Let's take a simple routine:
__m128i fold1(__m128i x) {
__m128i mask = _mm_set1_epi16(0x5555);
return _mm_add_epi16(_mm_and_si128(mask, _mm_srli_epi16(x, 1)), _mm_and_si128(mask, x));
}
This is one step of a population count routine, which folds pairs of bits together into two-bit counts. (Yeah, I know this can be done better with subtraction, but popcount isn't the subject here.) Run this through VC10, and you get this:
movdqa xmm1,xmmword ptr [__xmm@0]
movdqa xmm2,xmm0
movdqa xmm0,xmm1
movdqa xmm3,xmm2
psrlw xmm3,1
pand xmm0,xmm3
pand xmm1,xmm2
paddw xmm0,xmm1
ret
Unnecessary moves blah blah blah... you've heard it here before. Then again, let's take a closer look. Why did the compiler emit the MOVDQA XMM3, XMM2 instruction? Hmm, it's because it did the shift next, but it still needed to keep "x" around for the second operation. And how about that PAND that follows? Well, it couldn't modify "mask," so it copied that too. Waaaiit a minute, it's just doing everything exactly the way I told it. That might be OK if x86 used three-argument form instructions, but since x86 is two-argument, that kinda sucks. What about if we rewrote the routine this way:
__m128i fold2(__m128i x) {
__m128i mask = _mm_set1_epi16(0x5555);
return _mm_add_epi16(_mm_and_si128(_mm_srli_epi16(x, 1), mask), _mm_and_si128(mask, x));
}
movdqa xmm1,xmmword ptr [__xmm@0]
movdqa xmm2,xmm0
psrlw xmm0,1
pand xmm0,xmm1
pand xmm1,xmm2
paddw xmm0,xmm1
ret
Well, that looks a bit better.

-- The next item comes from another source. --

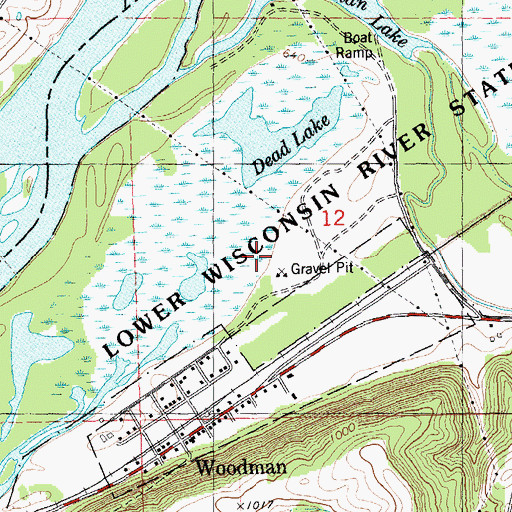 Topographic Map of Woodman Lake Sand Prairie and Dead Lake State Natural Area, WI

It appears that Visual C++ is unable to take advantage of the fact that the binary operations used here are commutative, which means that the efficiency of the code generated can differ significantly based on the order of the arguments even though the result is the same. The upside is that you can swap around arguments to get better code; the downside is that you're doing what the code generator should be doing. Interestingly, based on some experiments it looks like the code generator can do this for scalar operations, so something didn't get hooked up or extended to the intrinsics portion.
Anyway, if you've got extra moves showing up in the disassembly when using intrinsics, try shaking the expression tree a bit and see if some of the moves fall out.